The goal of the input team is to improve the binding and switching activity of the BlaCaM protein with respect to a previously non-functional analyte. A successful evolution would demonstrate the ability of the BlaCaM switch to sense different molecules, highlighting its potential as a biosensor component. BlaCaM is a fusion of two proteins, a calmodulin center with two halves of β-lactamase attached to the N- and C-termini. Calmodulin displays large conformational changes when it binds to both calcium and varying peptides. These conformational changes adjust the position of the two β-lactamase halves relative to each other, greatly affecting the activity of the enzyme. The ability to turn on or off the activity of the attached enzyme depending on the presence of an analyte gives the BlaCaM protein the ability to act as a sensor. By evolving BlaCaM to bind to different peptides or small molecules, the protein can be made into a sensor for a wide array of compounds. Adapting the BlaCaM switch is performed via directed evolution, where random mutations of the switch are screened and selected for increased effectiveness, and this process is iterated until a satisfactory new switch has been created.
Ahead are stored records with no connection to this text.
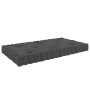 Anthracite gray cotton floor pallet cushion 73x40x7 cm by vidaXL, Cushions for chairs and sofas - Ref: Foro24-324683, Price: ...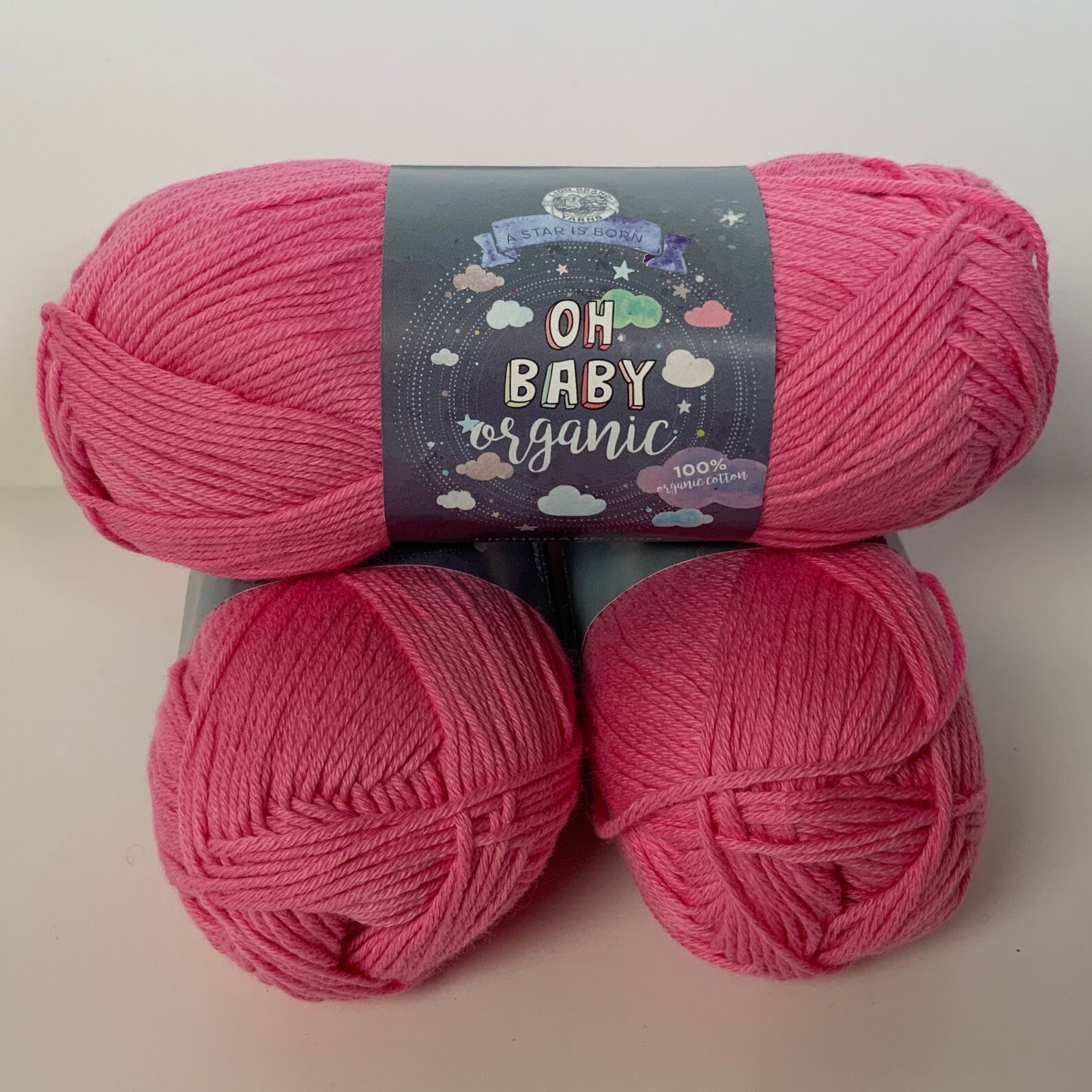 Pink oh baby organic yarn Etsy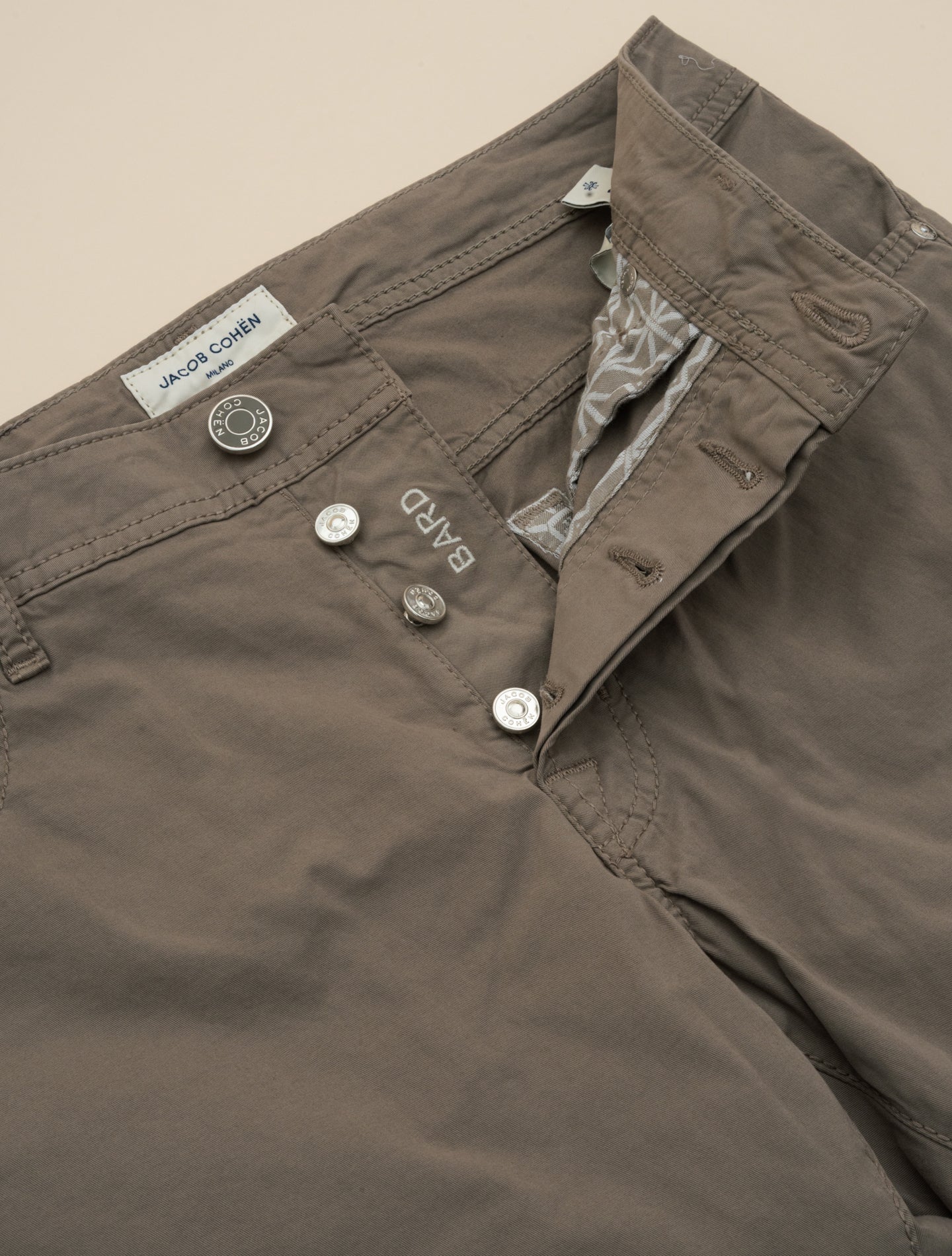 Bard 688 Summer Cotton Five Pocket Trousers Elephant Jacob Cohën Trousers 31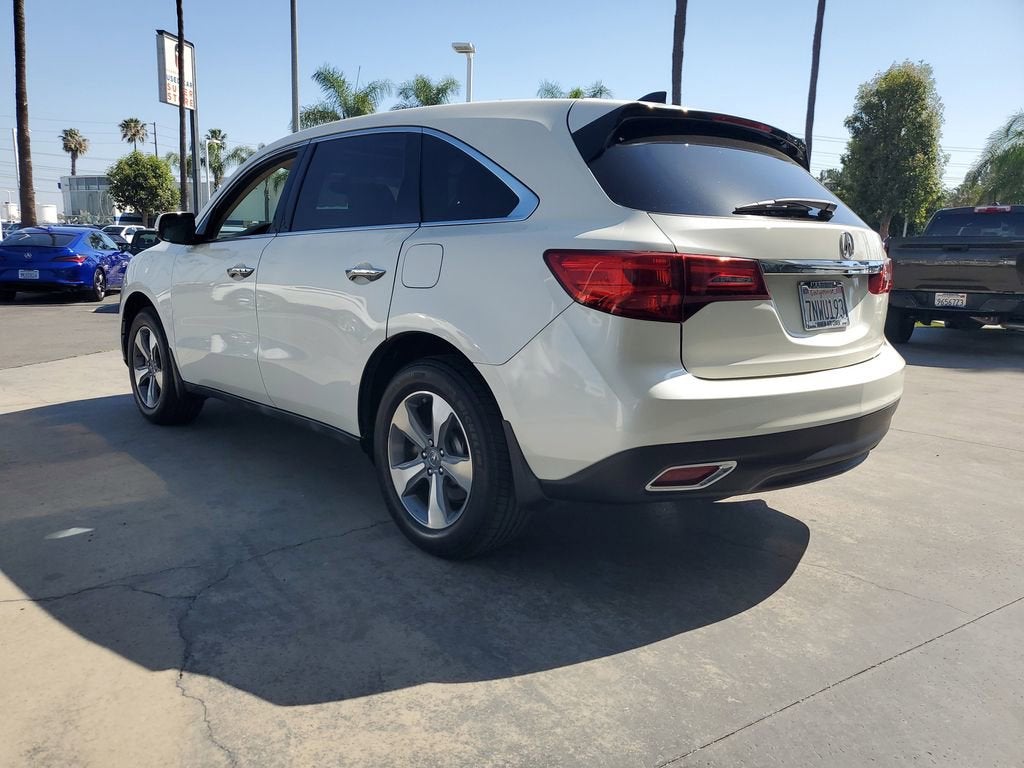 2016 Acura MDX TAN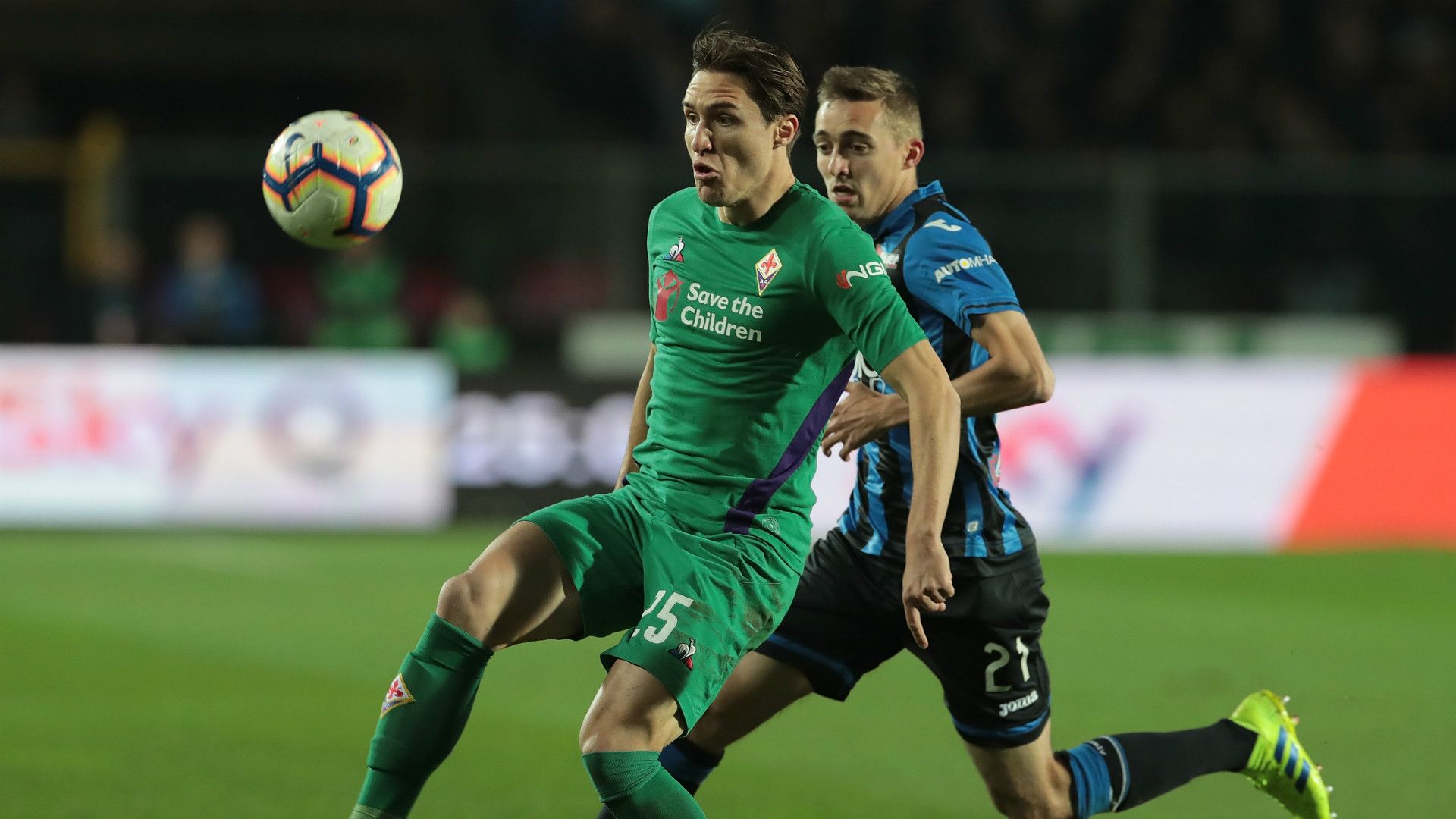 Federico Chiesa Timothy Castagne Atalanta Fiorentina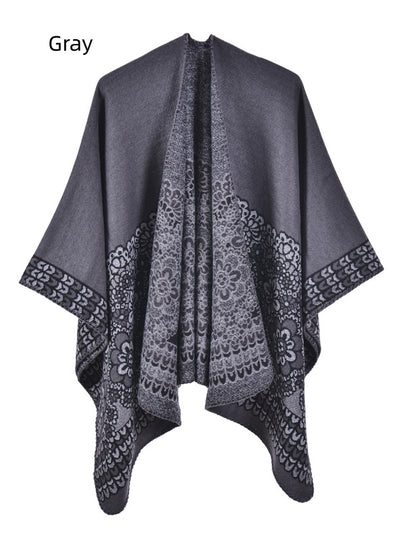 Women Warm Shawl Cloak Scarf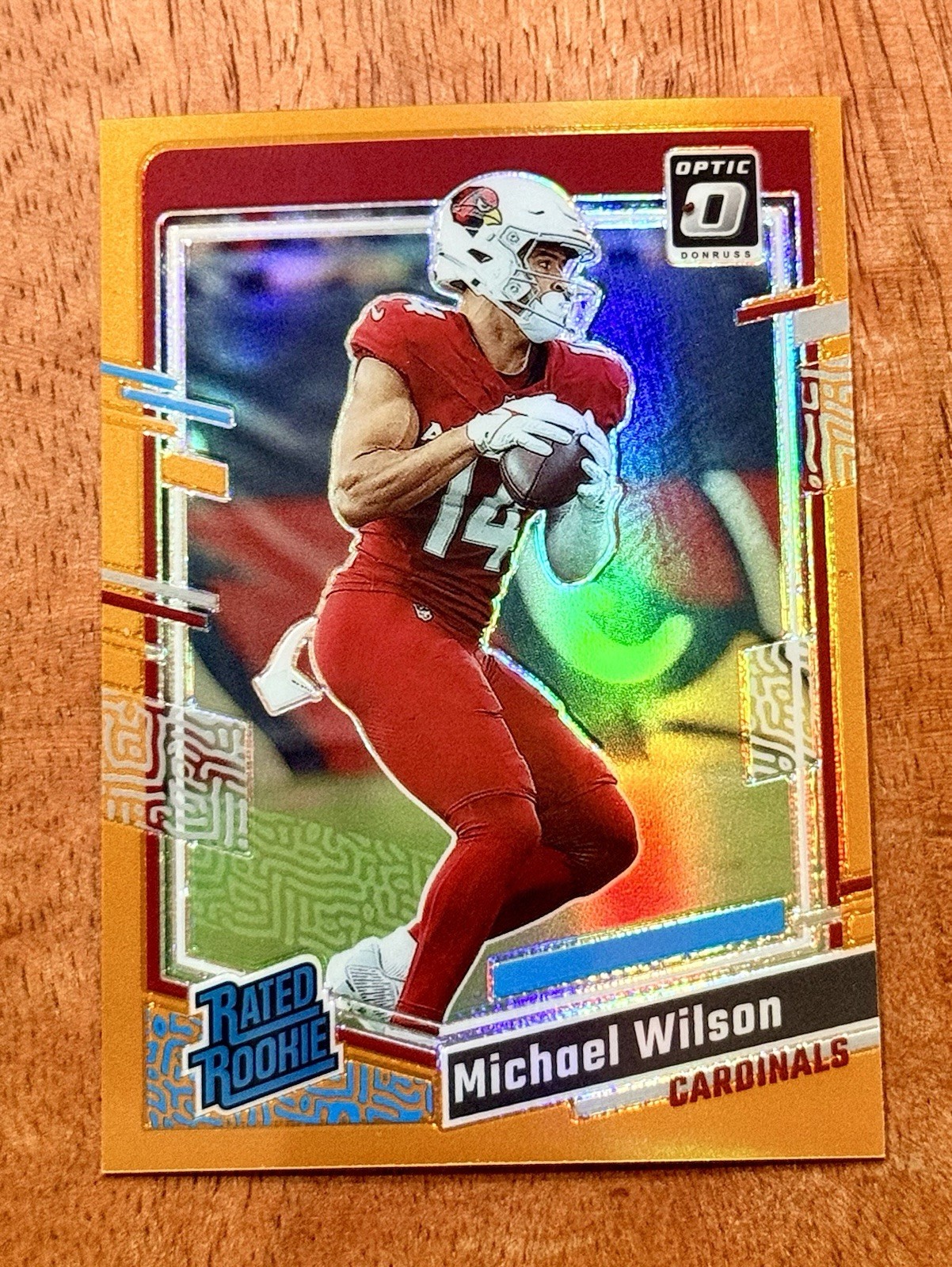 2023 Donruss Optic #204 Michael Wilson Orange /249 Rated Rookie NFL Cardinals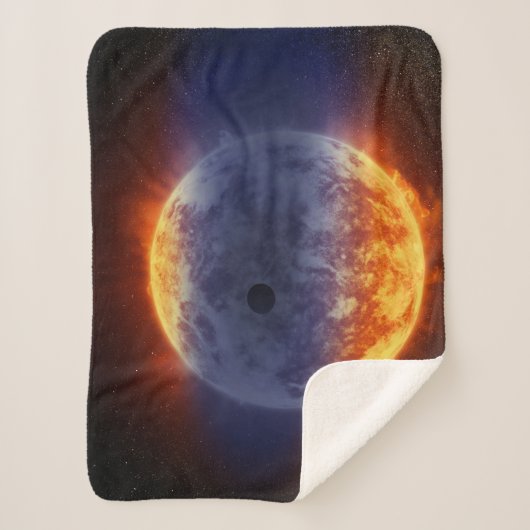 Wolk van waterstofgas van Exoplanet GJ 3470b Sherpa Deken (Voorkant)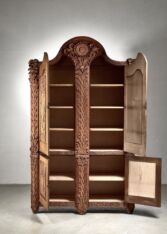 Gallery item 2 for Knut Fjaestad Art Nouveau cabinet, Cabinets, Sweden, 1930s
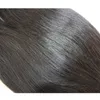 Super dubbel getrokken menselijke haarbundels met sluiting rechte Braziliaanse maagdelijk menselijk haar inslag met 4x4 haarsluiting natuurlijke kleur 8-22 inch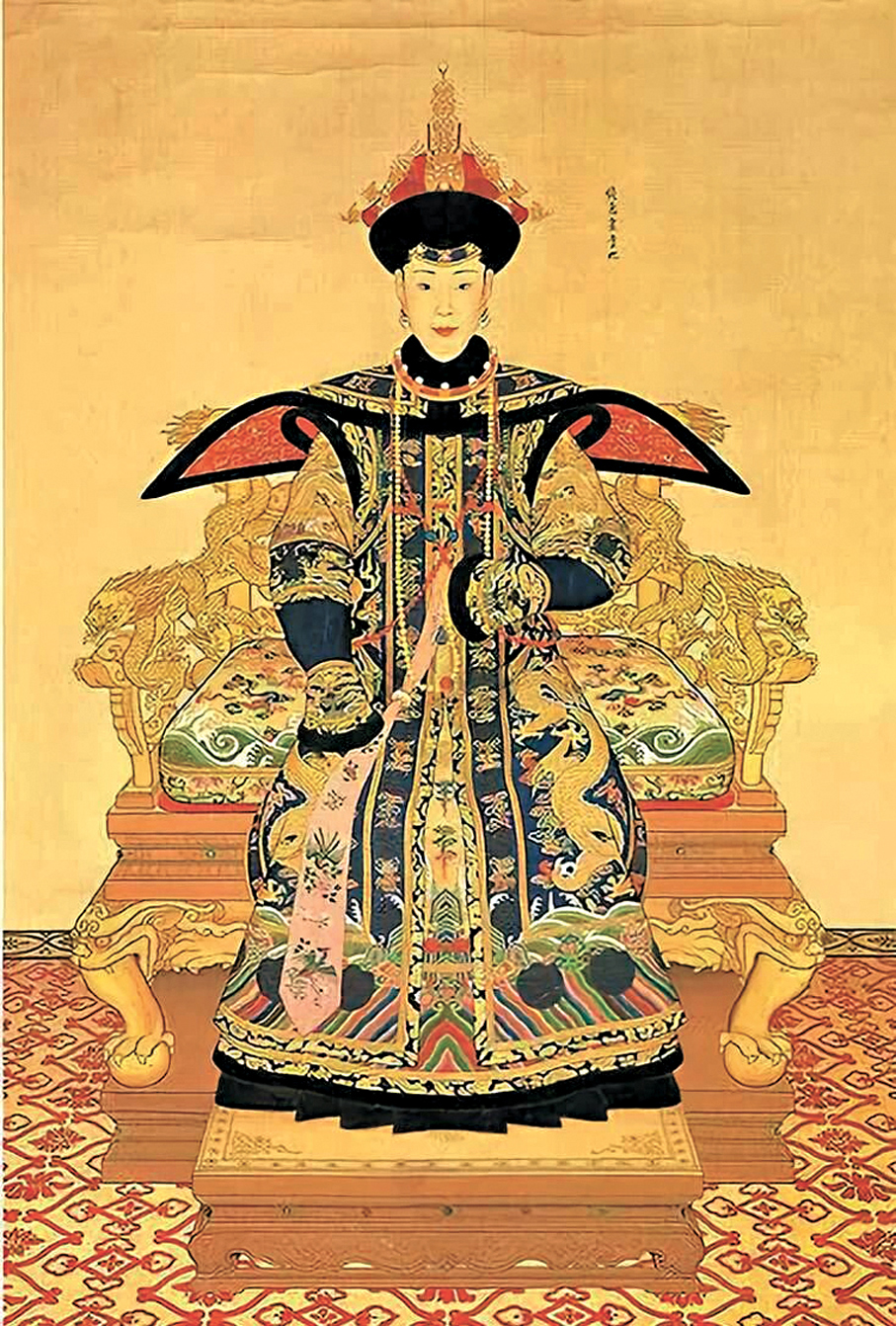 ●郎世寧所繪《純惠皇貴妃朝服像》。 作者供圖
The main method driving our directed evolution is bacterial display. In bacterial display, the mutated BlaCaM proteins are displayed upon the surface of bacterial, allowing the proteins to interact with compounds outside of the bacterial. To move the proteins to the outside of the cell, their genes are cloned into bacteria fused to a transporter protein that facilitates transport from the cytoplasm to the surface of the tell. These displaying bacteria are then washed over a media displaying anchored versions of our analyte. Displayed proteins that have been successfully mutated to bind to the analyte will remain fixed to the media, while unsuccessful mutations will be washed away. The bound bacteria are then concentrated, isolated, and analyzed to determine the sequence of the evolved proteins displayed upon their surfaces.